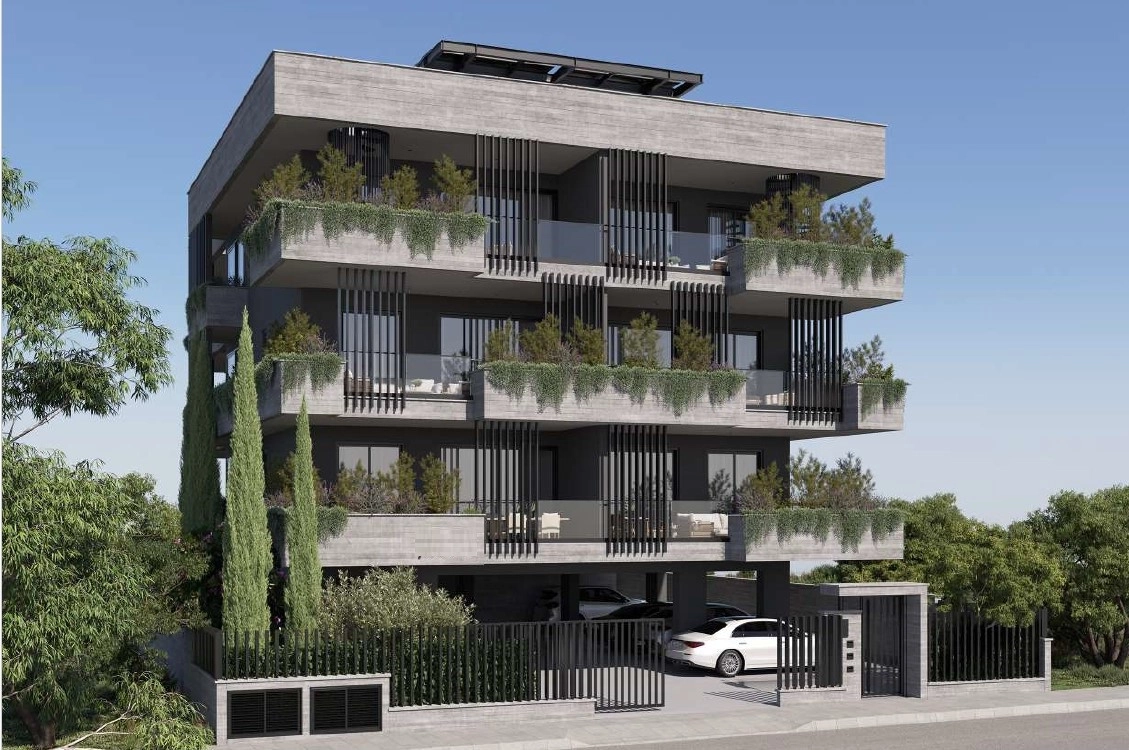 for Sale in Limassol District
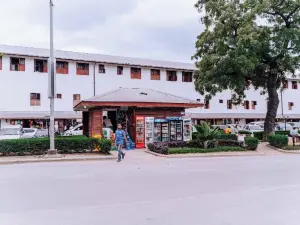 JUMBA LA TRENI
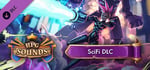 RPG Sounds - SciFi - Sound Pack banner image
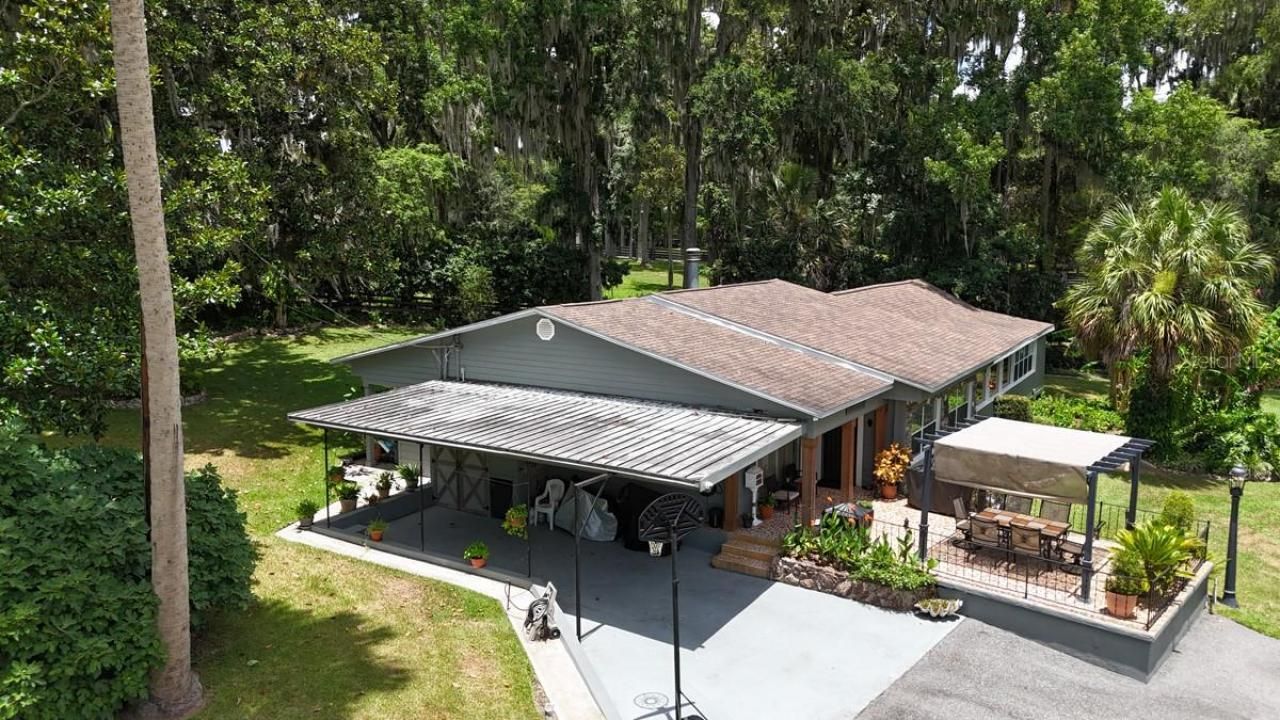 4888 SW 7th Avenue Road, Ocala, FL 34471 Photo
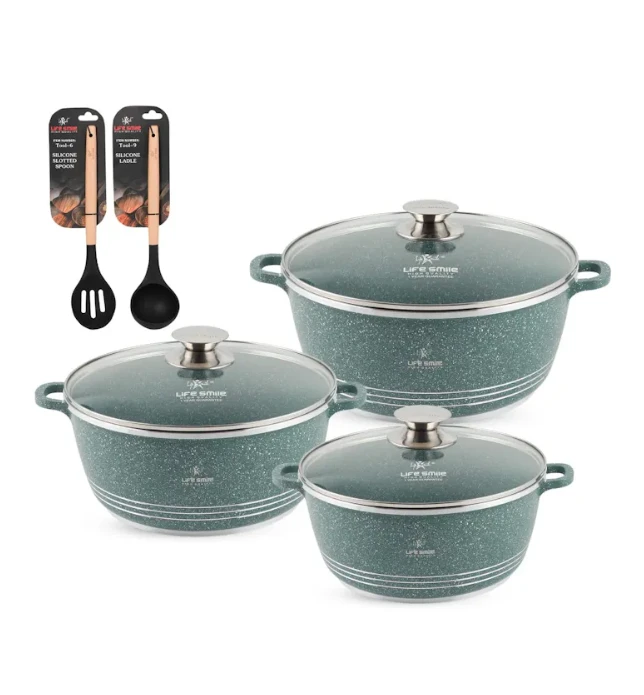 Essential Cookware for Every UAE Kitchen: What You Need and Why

● **Action item**
Begin with the line that contains "4888 SW 7th" and copy every line through the end of the listing, exactly as written, both ends included. Pictures are not part of the copy.

● **Solution for this exercise**
 4888 SW 7th Avenue Road, Ocala, FL 34471 Photo
 Essential Cookware for Every UAE Kitchen: What You Need and Why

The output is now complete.